[Image-caption web data]
┄┄┄┄┄┄┄┄┄┄
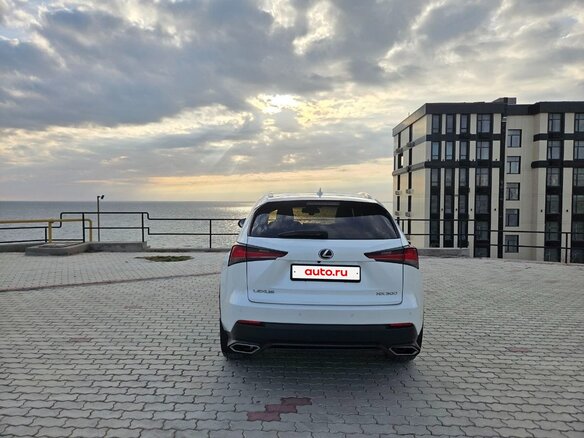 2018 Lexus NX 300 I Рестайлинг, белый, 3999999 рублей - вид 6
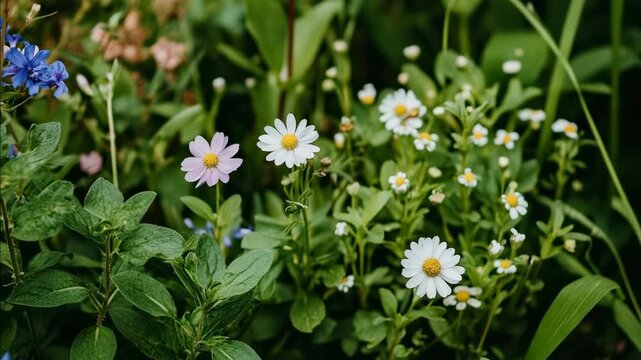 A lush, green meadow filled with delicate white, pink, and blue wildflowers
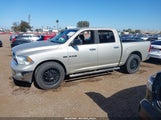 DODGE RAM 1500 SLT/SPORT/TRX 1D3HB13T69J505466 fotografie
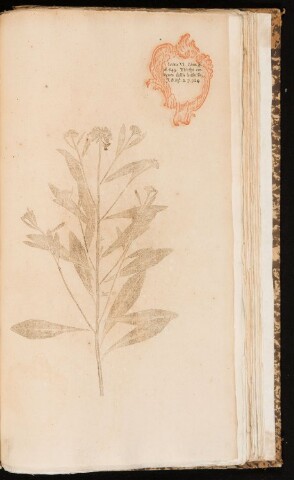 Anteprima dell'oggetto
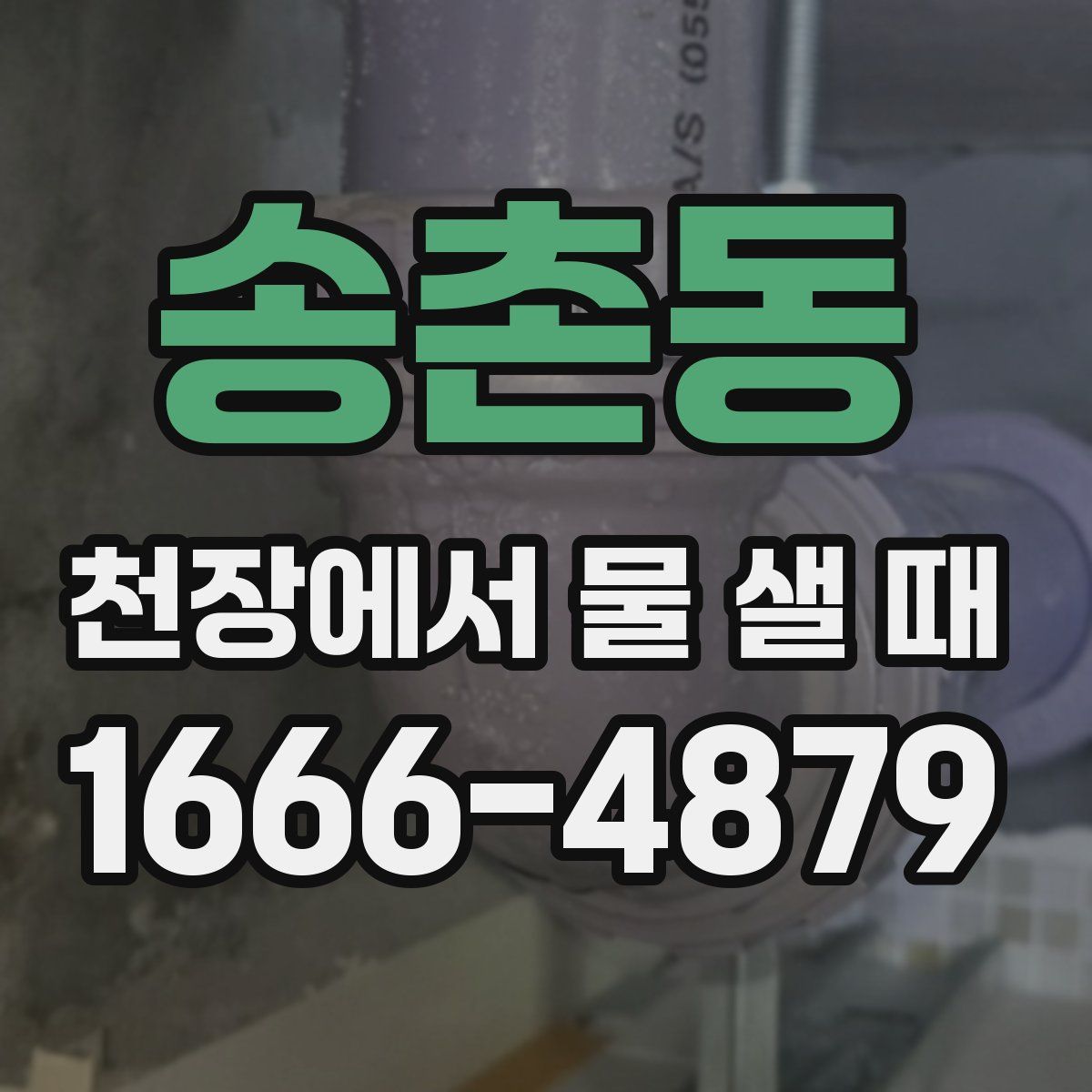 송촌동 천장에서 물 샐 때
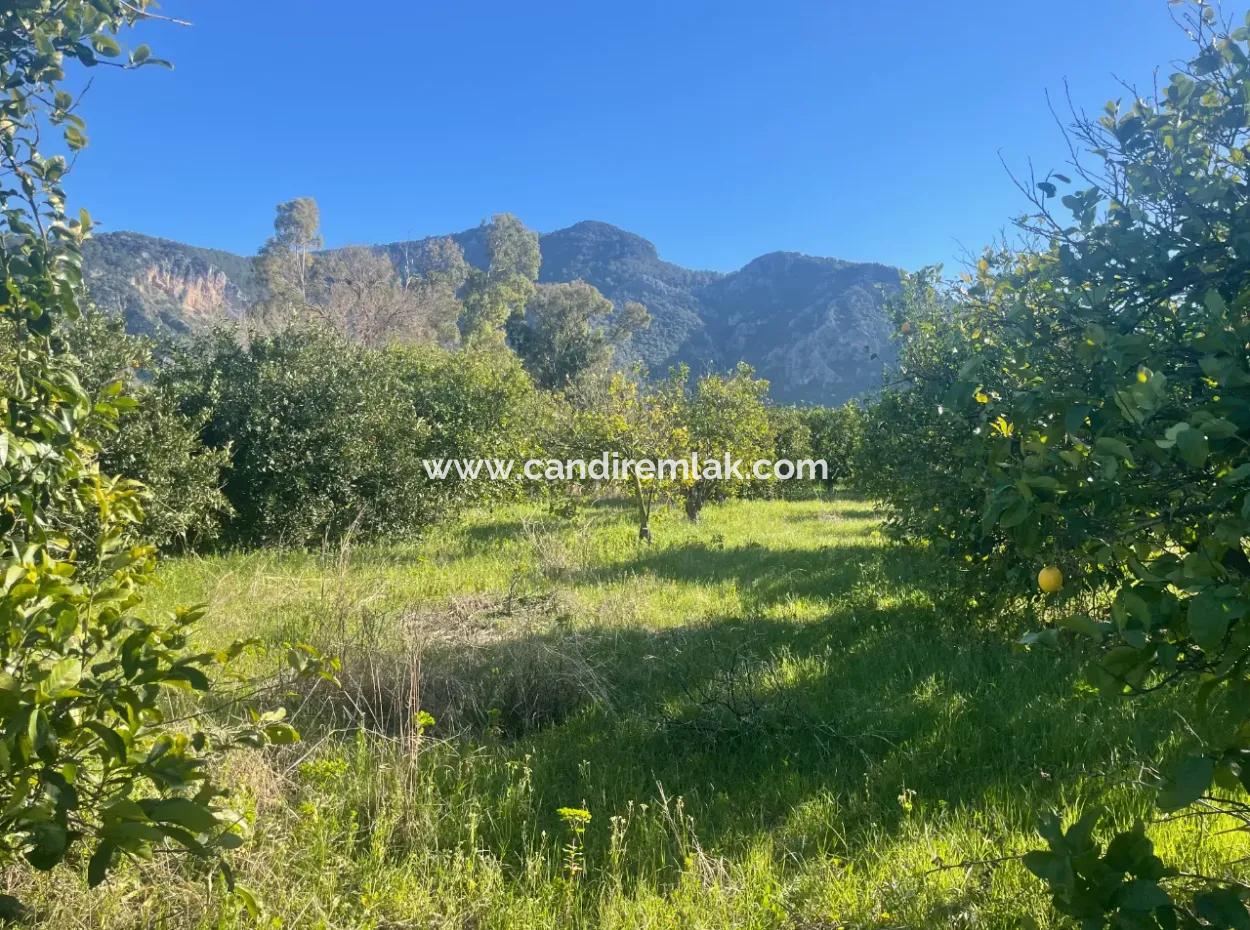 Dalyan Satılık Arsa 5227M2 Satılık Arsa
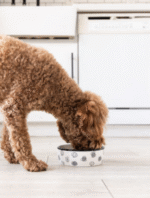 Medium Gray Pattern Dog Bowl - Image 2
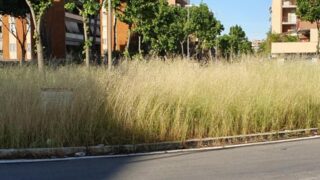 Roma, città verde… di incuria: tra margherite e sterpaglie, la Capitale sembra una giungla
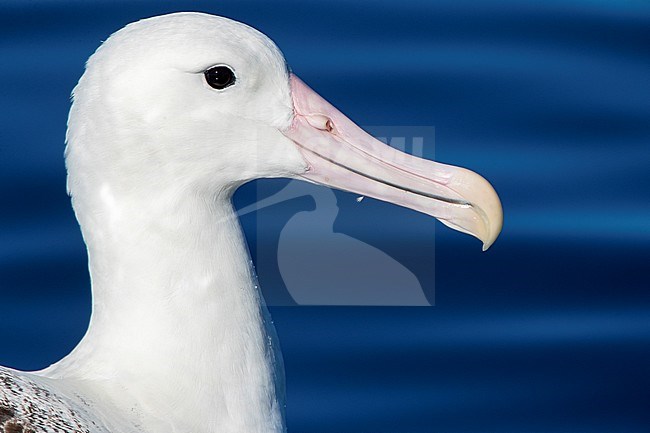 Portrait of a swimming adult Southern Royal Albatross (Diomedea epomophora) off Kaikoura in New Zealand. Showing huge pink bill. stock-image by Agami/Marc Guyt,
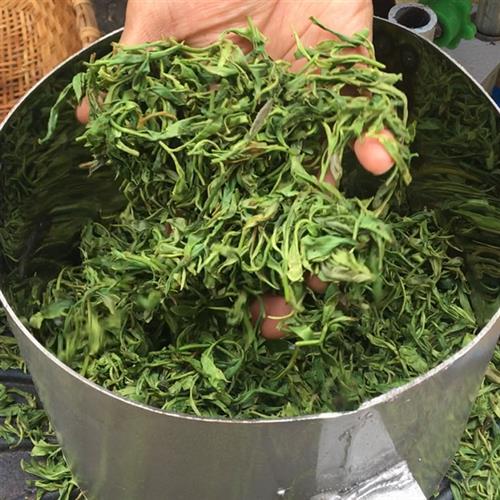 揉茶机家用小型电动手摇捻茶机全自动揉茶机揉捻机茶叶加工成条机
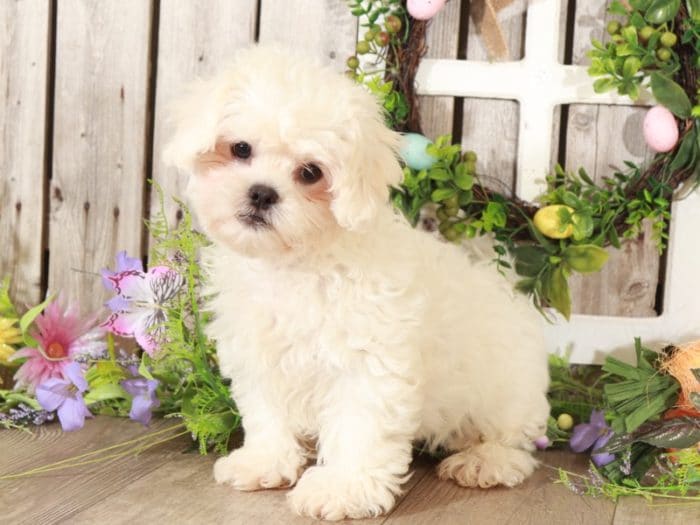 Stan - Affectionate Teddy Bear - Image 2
┄┄┄┄┄┄┄┄┄┄
* **What is being asked**:
Every line from the one containing "Portrait of a" through the last line of the data is to be retyped exactly, with nothing added and no pictures included.

* **Solution**:
 Portrait of a swimming adult Southern Royal Albatross (Diomedea epomophora) off Kaikoura in New Zealand. Showing huge pink bill. stock-image by Agami/Marc Guyt,
 揉茶机家用小型电动手摇捻茶机全自动揉茶机揉捻机茶叶加工成条机
 Stan - Affectionate Teddy Bear - Image 2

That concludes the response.